My mom paused for a moment, and then said to me, “Andrea, maybe he wants you to spend more time thinking about him. He still wants to be in your life.”

I was surprised; I had thought that in order to move forward, I needed to move on. I had thought I needed to fill the hole in my life with other good replacements—none of which ever fit quite right. A few weeks later, I was searching the internet for meaningful grief-related quotes to share at my campus chapter’s final AMF meeting of the year. One of the first ones I found shared Mitch Albom’s words that “death ends a life, not a relationship.” I kept reflecting on his words and my mom’s words, and I began to think about what my attitude toward my grief journey had become.

It was at our final peer support group meeting of the year, as we took a few minutes to write letters to our loved ones, that it became clear to me: I had been trying to convince myself that my grief journey was a path that I had already traveled. I wrote to my dad about how I regretted getting so caught up in moving forward that I forgot to bring him along with me. As I kept writing, I realized that my grief journey is not something that’s intended to end. I hadn’t realized that I had been looking for a destination, a point where I would be “over” the loss of my dad.

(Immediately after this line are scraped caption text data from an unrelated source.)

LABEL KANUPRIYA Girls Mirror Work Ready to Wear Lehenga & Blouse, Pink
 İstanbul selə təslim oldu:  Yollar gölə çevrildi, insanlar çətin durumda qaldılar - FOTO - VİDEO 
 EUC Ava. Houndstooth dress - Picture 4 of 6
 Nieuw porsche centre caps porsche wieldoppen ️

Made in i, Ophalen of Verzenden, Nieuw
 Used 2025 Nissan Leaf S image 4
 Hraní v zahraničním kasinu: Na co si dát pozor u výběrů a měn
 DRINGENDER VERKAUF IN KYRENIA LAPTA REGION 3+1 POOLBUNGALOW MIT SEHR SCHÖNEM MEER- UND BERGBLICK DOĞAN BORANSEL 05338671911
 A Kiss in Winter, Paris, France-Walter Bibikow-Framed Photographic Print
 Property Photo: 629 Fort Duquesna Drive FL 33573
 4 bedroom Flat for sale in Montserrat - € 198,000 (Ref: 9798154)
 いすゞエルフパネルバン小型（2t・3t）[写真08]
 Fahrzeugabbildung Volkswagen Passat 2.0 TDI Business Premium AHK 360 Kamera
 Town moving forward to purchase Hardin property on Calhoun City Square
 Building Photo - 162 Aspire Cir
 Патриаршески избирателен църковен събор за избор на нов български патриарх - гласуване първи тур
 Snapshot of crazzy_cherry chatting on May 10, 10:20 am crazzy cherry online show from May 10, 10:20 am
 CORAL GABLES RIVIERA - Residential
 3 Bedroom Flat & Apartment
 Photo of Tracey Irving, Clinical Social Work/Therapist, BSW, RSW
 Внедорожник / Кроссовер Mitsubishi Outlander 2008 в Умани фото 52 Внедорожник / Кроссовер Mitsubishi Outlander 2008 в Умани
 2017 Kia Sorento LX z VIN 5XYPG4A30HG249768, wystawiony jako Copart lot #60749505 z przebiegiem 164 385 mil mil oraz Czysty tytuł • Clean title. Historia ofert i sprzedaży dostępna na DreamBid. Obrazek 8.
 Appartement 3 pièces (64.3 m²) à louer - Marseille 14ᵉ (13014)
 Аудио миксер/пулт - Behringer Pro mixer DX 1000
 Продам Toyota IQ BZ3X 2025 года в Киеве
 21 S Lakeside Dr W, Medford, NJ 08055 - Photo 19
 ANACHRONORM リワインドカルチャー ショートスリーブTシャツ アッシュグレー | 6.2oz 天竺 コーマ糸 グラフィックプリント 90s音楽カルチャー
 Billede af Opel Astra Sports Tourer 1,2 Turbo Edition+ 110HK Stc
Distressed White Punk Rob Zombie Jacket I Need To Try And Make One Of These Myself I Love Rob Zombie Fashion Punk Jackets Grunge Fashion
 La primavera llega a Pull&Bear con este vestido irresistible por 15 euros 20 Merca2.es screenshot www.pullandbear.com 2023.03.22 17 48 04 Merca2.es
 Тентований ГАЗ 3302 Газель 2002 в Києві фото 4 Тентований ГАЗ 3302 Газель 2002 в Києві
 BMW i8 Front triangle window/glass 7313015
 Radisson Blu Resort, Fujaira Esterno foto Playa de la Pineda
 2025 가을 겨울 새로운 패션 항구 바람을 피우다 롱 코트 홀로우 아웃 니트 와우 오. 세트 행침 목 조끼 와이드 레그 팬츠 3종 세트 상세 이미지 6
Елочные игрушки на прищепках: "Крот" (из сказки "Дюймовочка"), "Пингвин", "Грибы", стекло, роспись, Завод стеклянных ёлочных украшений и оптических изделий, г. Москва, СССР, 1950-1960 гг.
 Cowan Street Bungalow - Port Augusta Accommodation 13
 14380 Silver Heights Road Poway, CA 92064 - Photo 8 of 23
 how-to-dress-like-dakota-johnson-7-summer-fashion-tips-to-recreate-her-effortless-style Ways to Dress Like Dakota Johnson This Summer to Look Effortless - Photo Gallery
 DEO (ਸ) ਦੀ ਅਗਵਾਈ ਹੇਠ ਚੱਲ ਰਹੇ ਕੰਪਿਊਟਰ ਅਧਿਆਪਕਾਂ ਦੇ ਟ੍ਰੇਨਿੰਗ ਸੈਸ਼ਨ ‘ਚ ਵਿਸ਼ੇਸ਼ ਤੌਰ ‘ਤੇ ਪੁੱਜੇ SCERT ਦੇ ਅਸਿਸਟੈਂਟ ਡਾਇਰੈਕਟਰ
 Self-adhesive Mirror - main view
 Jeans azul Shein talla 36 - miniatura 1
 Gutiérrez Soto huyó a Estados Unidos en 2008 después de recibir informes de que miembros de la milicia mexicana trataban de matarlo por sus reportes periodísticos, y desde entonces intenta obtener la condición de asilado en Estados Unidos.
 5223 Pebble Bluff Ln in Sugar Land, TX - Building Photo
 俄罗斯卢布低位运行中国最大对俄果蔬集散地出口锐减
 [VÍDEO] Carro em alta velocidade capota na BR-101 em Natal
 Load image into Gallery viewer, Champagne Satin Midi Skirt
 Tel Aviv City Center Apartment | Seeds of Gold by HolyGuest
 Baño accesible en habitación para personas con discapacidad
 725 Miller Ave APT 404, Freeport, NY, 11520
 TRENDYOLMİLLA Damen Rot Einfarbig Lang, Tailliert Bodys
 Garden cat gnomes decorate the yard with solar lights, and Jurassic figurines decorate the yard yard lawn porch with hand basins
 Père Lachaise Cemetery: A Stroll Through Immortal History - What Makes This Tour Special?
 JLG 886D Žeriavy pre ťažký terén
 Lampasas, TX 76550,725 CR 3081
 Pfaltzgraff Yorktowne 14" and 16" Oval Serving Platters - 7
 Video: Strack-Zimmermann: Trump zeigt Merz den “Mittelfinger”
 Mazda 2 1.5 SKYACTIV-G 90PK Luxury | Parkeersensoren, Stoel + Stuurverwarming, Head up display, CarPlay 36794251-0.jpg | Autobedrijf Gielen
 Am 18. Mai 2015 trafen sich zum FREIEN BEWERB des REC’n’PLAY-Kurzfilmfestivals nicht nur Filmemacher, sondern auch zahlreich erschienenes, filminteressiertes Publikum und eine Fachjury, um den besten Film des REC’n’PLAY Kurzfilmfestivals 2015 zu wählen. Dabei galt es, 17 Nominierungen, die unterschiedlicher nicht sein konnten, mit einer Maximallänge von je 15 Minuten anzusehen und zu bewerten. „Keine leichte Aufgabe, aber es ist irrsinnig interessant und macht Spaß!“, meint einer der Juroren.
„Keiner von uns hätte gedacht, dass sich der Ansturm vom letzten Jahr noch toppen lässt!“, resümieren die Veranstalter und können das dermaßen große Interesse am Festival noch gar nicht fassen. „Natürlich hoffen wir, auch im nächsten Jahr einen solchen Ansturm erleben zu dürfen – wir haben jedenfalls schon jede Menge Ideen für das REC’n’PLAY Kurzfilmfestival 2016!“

Since that meeting, I have continued reflecting and taking new steps on my grief journey. I understand now that feeling pain at big life changes, or little day-to-day moments, because he’s not here with me the way I thought he would be is not something to be feared or something that I face alone. Instead, these are opportunities to remember my dad and invite him into my life in new ways, by sharing memories of him with others or doing something small to honor him. He’s still my dad, and he can still be a part of my life, even as I move forward.